+++ Data for the task

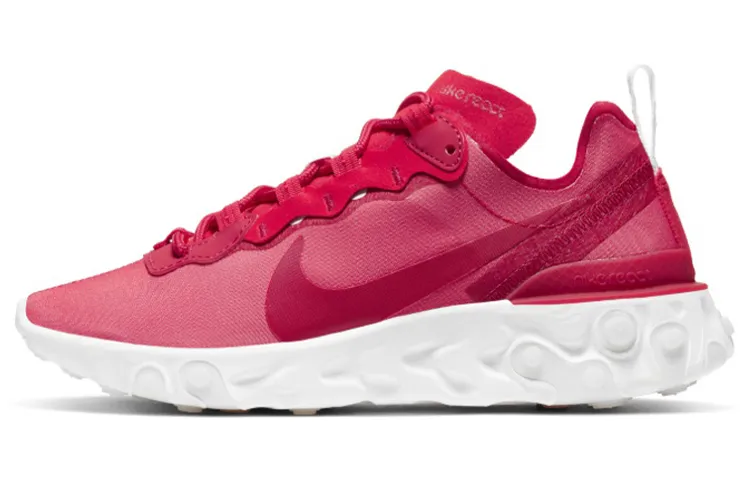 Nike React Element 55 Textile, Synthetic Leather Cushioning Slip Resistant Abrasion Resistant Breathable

++++++
+++ Data for the task

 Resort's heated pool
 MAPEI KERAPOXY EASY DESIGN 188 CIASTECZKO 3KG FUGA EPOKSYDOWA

++++++
+++ Data for the task

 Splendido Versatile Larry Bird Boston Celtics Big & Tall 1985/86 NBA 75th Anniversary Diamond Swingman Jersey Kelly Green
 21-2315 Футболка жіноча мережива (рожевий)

++++++

Find the line with "Resort's heated pool" in the material above. Reproduce it and each line after it up to and including the line with "MAPEI KERAPOXY EASY".

» Solution to this problem
 Resort's heated pool
 MAPEI KERAPOXY EASY DESIGN 188 CIASTECZKO 3KG FUGA EPOKSYDOWA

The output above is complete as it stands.